There are trade-offs both ways. Doing it all at once gives you the opportunity to start with a clear conception and see it all the way through. Tweaking is less risky, because you’re usually beginning with something that you’ve inherited or established that feels at least functional, but often you feel like you could be doing things without really understanding the rationale. The initial impetus has gone away. But I can say that my most successful teaching has always been in the long-running courses that I’ve had the opportunities to rework year after year.
This semester in my Swift and Literary studies course, which I’ve previously blogged about, I had some small assignments that seemed to help my students in significant ways. I created these largely because I was concerned about the reading skills of students coming into this course, the gateway for the English major. Here they are:
1. “Representative Passage” assignment for Gulliver’s Travels. I developed this because I felt that students were reading so much criticism and theory that they tended to focus on very obvious passages or episodes from GT for their final assignments. This assignment was based on some exercises I found in Kathleen Blake Yancey’s Teaching Literature as Reflective Practice and Blau’s Literature Workshop (discussed earlier on this blog).
The idea was to get students (most of whom had never read Swift or GT or studied much prose besides short stories) to record some key information for each part of GT, then select a passage related to some question for that week’s discussion. Each week, students individually filled out a worksheet describing their choice of passages, then discussed their selections in groups, with the groups choosing one passage then reporting their choices out to the class as a whole. Afterwards, I’d look at the worksheets and recorded discussions, give them a check, check minus, or check plus credit, and return them. I repeated this exercise four times, once for each part of GT. At the end of term, a number of students mentioned how helpful this exercise was for them to hear about other students’ thinking about the selections. And the final papers did feature a wider than usual range of GT passages than I’d seen before.
2. In-class essays. I originally assigned short response essays on topics in critical theory, but I eventually realized that they wrote better timed in-class essays than response essays on these topics. Then I started collecting their questions on the theorists to create the in-class exam, adapting them as necessary but still leaving them options so they could choose their questions. Finally, rather than doing these simply as open book or open notes, I allowed students to create a single typed or printed page of notes to bring to class, on the condition that these were handed in along with the completed in-class essays.
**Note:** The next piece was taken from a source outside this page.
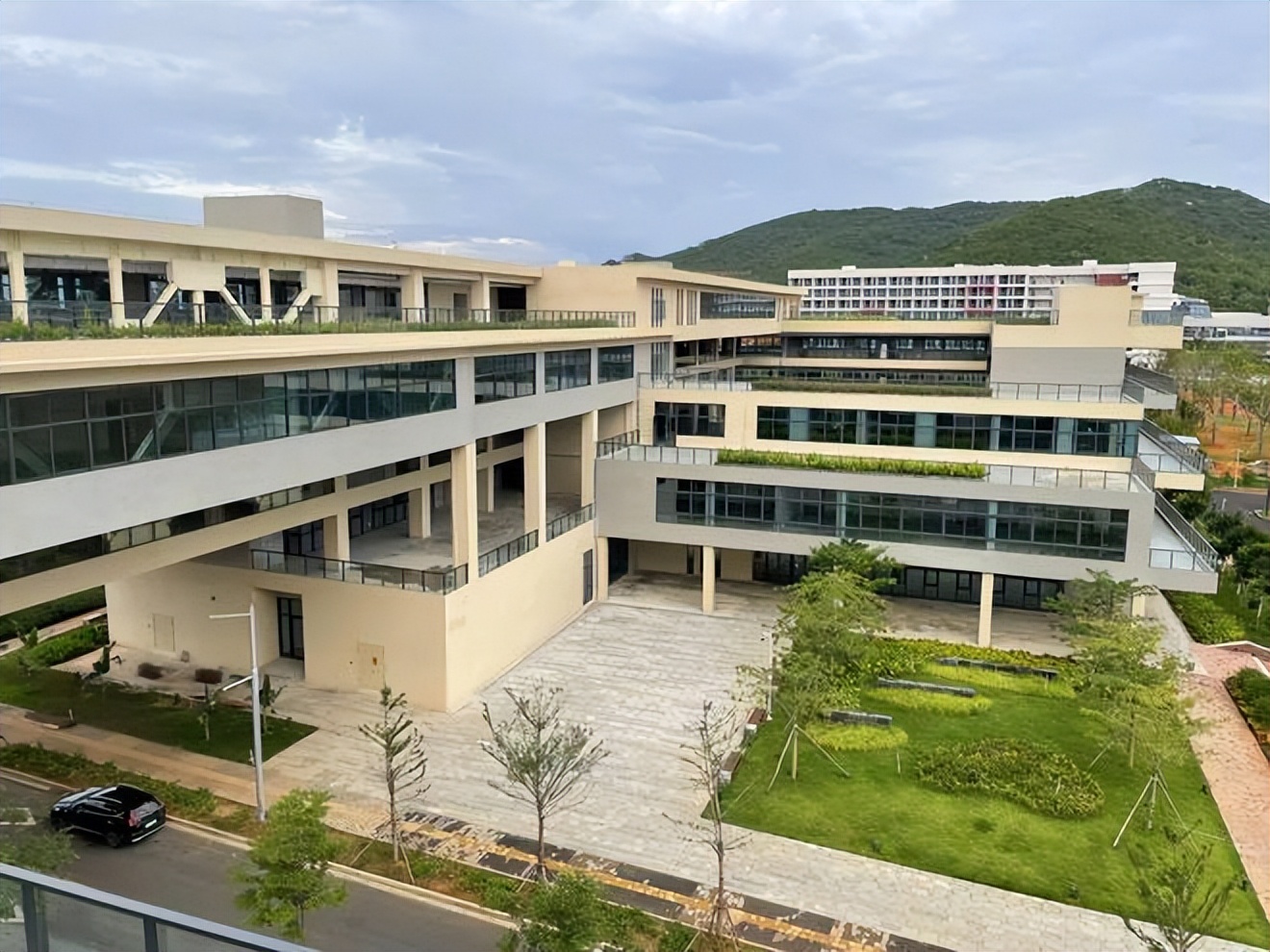 高教胜地？盘点一下海南的中外合作办学：电子科大、北邮、中传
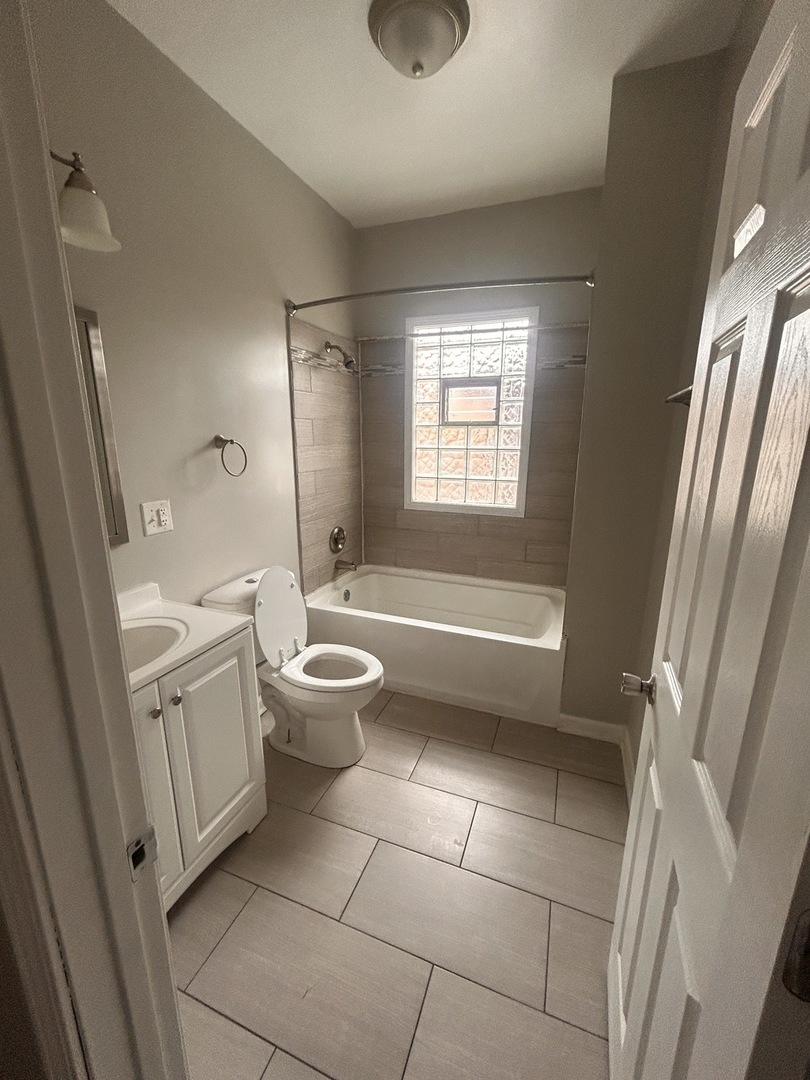 7646 S May Street Property Photo 14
These note sheets helped me assess students’ understanding and synthesis of the material on the essay, and like their essays, when handed back with feedback, these sheets became another source of ideas for their final research projects. They repeated this cycle twice, just before embarking on the final projects. I think this kind of cycle (questions, note-sheet, in-class essays, feedback) is a good way to teach theoretical topics that ordinarily only the most self-assured students feel comfortable enough to discuss.
What I’ve learned from this is that incremental, recursive cycles during the semester really help them develop the confidence to learn and discuss what they’re learning, but that this is in effect my cycle, too, as I teach the course from term to term.